Sports-related foot injuries are common, and your feet and ankles can certainly take a beating.
Achilles Tendinitis: Achilles tendinitis occurs because of overuse and degeneration over time, which is often the case with sports. It affects the biggest tendon in the body, the Achilles tendon.
Plantar Fasciitis: This occurs when the plantar fascia, the band of tissues that supports your arch, absorbs too much stress. Tissues are strained from activities such as running and, when the tissues become inflamed, it can cause pain at the bottom of the heel. This is becoming an increasingly common condition and almost two million people are treated for it each year. Most people can recover without surgery, and with rest, ice, and physical therapy they can resume normal activity. Any exercises that can stretch the calves and feet are also recommended to reduce pain.

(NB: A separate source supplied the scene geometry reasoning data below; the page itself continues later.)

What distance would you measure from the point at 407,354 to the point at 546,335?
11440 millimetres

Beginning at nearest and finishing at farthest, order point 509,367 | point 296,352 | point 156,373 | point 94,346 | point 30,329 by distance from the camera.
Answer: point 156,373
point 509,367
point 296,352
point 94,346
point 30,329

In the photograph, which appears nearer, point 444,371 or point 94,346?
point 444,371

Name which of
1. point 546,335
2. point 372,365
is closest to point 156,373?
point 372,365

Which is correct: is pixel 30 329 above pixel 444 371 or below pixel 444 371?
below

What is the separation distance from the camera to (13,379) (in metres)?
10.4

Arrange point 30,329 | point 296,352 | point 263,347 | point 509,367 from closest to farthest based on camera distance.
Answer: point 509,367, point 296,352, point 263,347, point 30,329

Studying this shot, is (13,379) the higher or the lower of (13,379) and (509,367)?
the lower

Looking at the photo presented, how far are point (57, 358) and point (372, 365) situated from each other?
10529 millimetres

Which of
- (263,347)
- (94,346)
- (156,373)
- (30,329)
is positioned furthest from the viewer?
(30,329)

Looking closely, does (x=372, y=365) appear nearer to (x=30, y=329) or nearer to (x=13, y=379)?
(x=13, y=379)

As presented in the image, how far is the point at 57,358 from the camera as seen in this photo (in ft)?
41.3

Stress Fractures: Those who participate in basketball, tennis, dance, gymnastics, and running are more likely to develop stress fractures in the foot and ankle because of the amount of stress that is placed on those areas of the body. Improper equipment and lack of technique or conditioning can also disrupt the foot mechanics and cause the stress fracture. When the impact is repeated, the bone and muscle can’t absorb the stress and a stress fracture can occur. It can happen anywhere in the foot or ankle.

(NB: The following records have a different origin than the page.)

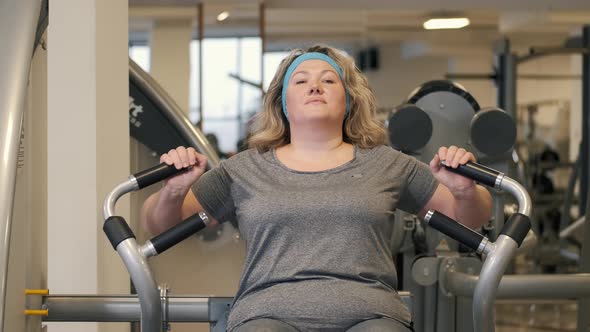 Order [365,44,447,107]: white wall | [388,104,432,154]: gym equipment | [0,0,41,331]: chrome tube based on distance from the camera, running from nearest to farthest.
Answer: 1. [0,0,41,331]: chrome tube
2. [388,104,432,154]: gym equipment
3. [365,44,447,107]: white wall

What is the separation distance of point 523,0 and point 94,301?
5.58 m

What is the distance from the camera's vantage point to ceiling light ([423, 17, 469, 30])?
9268 millimetres

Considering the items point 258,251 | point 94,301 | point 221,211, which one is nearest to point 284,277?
point 258,251

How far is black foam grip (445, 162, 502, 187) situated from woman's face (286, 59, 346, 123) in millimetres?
317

Neuroma: This condition involves a pinched nerve in the foot and the symptom that people experience is pain between the toes while walking. There isn’t an exact cause, but those who overuse or stress the feet have been known to develop this condition. Other contributing factors include feet with high arches or flat feet, shoe style, and trauma. Any of these factors can cause inflammation, which can lead to a neuroma. Non-surgical treatment is often used for this condition.
Heel Spur: Athletes who have very flat feet or higher arches are more prone to heel spurs, which occur when a calcium deposit creates a bony protrusion on the heel bone. Other factors include running on hard surfaces, walking with stress on the heel, and improper footwear. Treatment is usually done non-surgically with physical therapy and orthotics.